***** Supplied data *****

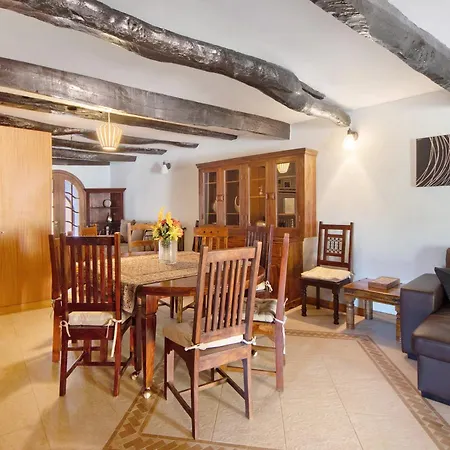 Porto Douro - Maison Holiday home Foz do Sousa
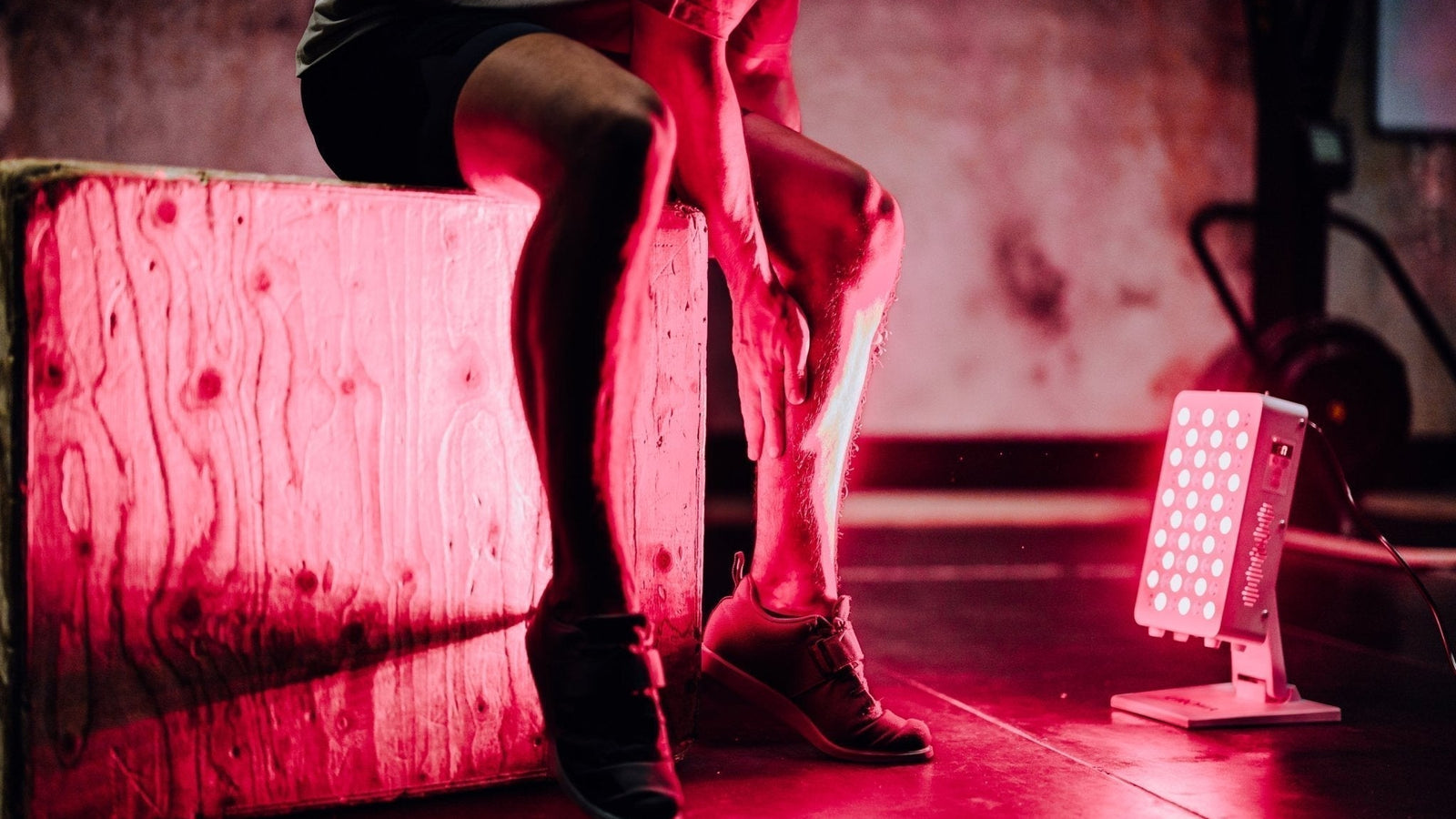 Een infraroodlamp kiezen: welke past het beste bij mijn klachten? - Liroma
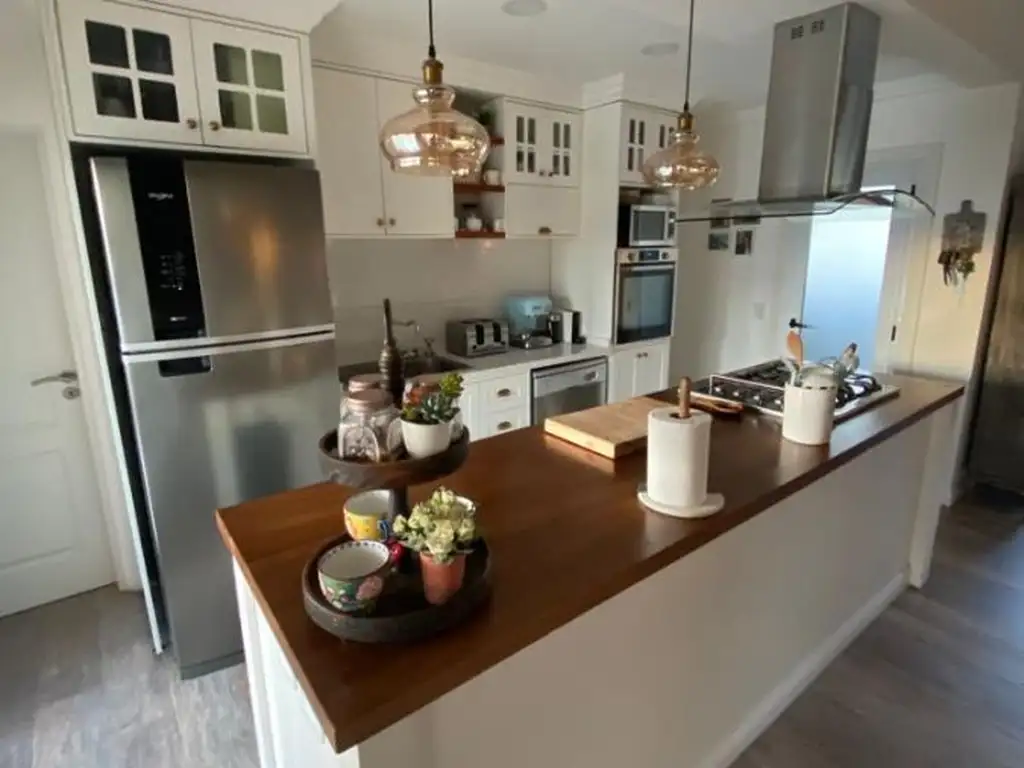 Casa en venta El Rebenque Canning - Foto 19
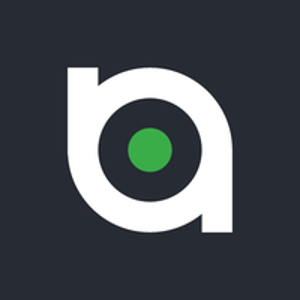 AimBrain logo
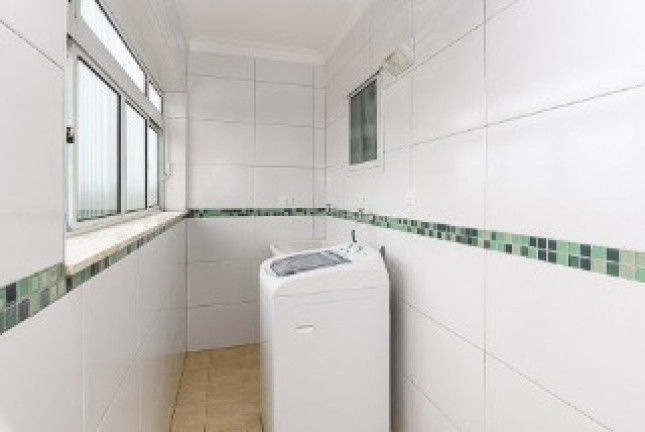 Imagem Apartamento com 2 Quartos à Venda, 60 m² em Vila Moraes - São Paulo Imagem Apartamento com 2 Quartos à Venda, 60 m² em Vila Moraes - São Paulo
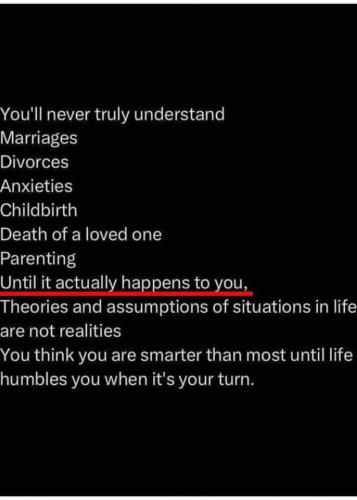22:07:59 GMT-0400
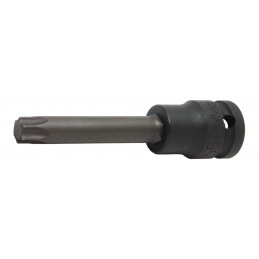 Torxtapp T60x100mm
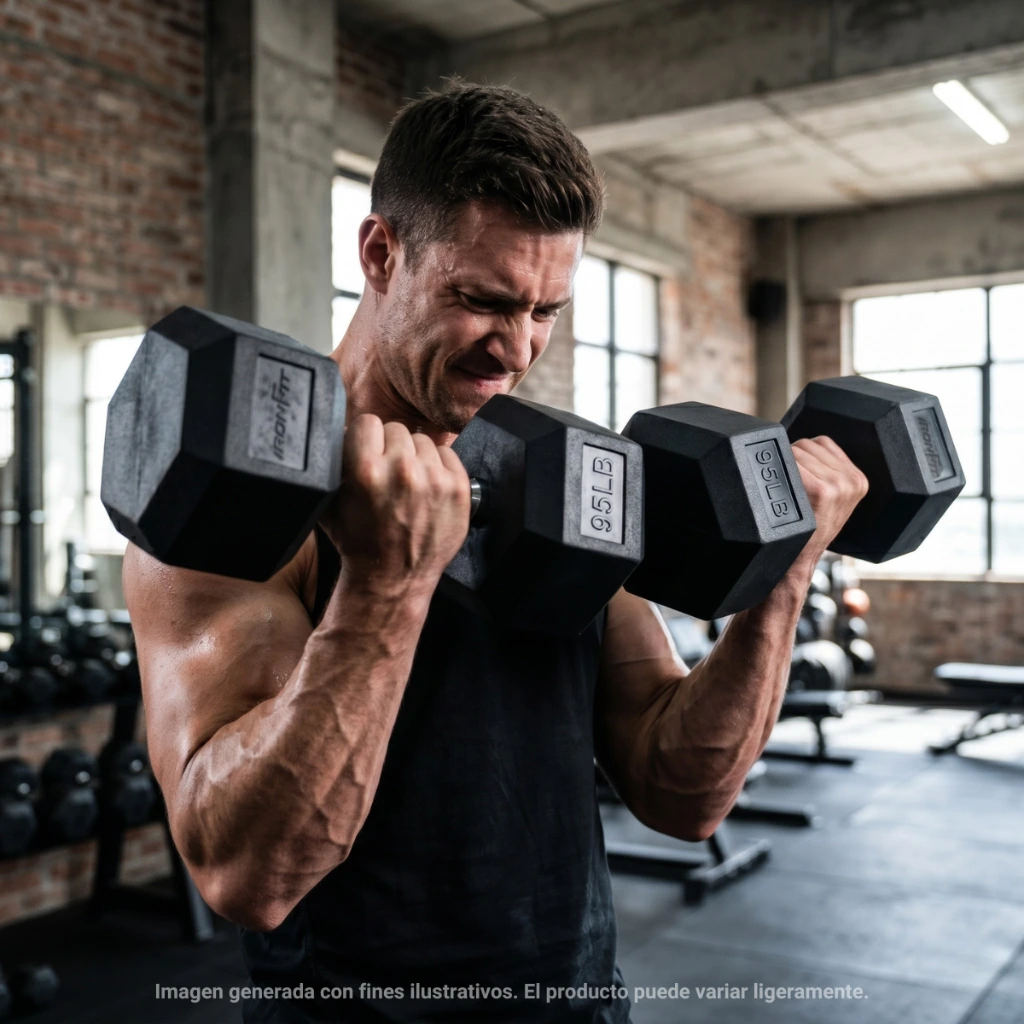 95 IA Mancuernas Ironfit (2).webp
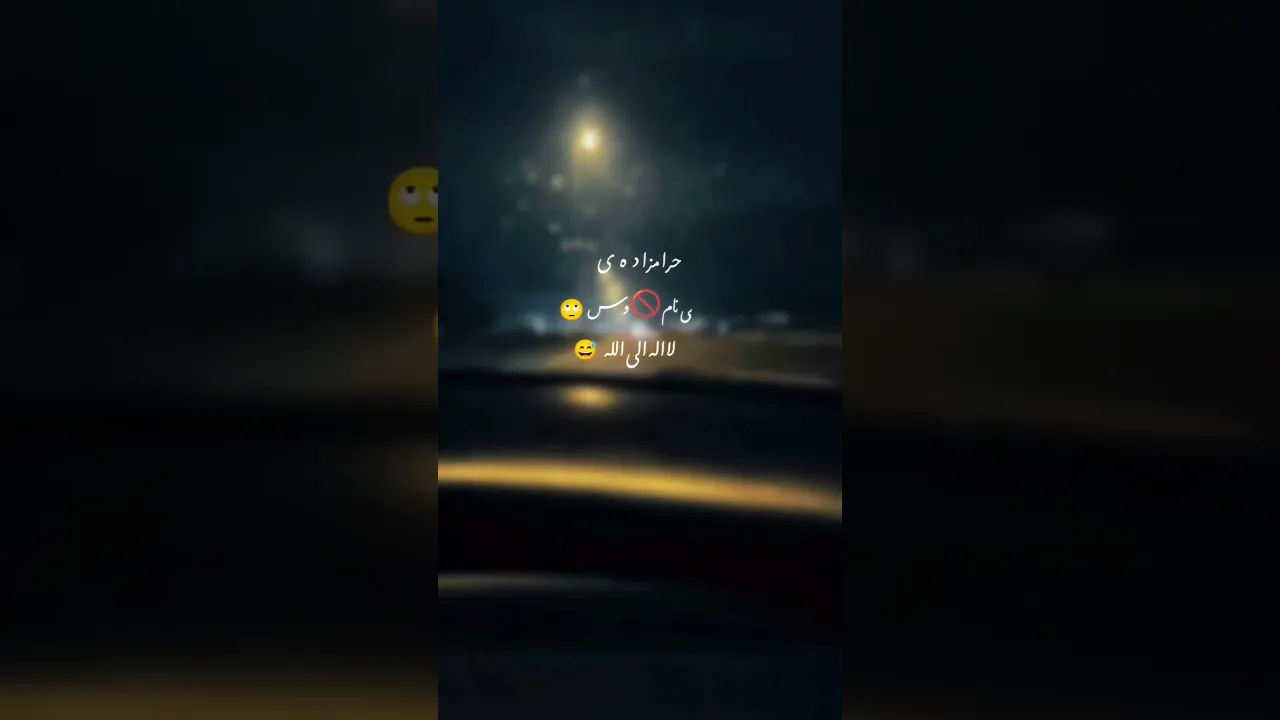 زیبایی وحشی 🔥🔥#kurd #music #trending #کچی کورد #کوردستان #کورد #explore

*****

Task to complete -> If the records contain pictures, skip them, and transcribe exactly every line from the one with "Een infraroodlamp kiezen: welke" through the last line.

Written response ->
 Een infraroodlamp kiezen: welke past het beste bij mijn klachten? - Liroma
 Casa en venta El Rebenque Canning - Foto 19
 AimBrain logo
 Imagem Apartamento com 2 Quartos à Venda, 60 m² em Vila Moraes - São Paulo Imagem Apartamento com 2 Quartos à Venda, 60 m² em Vila Moraes - São Paulo
22:07:59 GMT-0400
 Torxtapp T60x100mm
 95 IA Mancuernas Ironfit (2).webp
 زیبایی وحشی 🔥🔥#kurd #music #trending #کچی کورد #کوردستان #کورد #explore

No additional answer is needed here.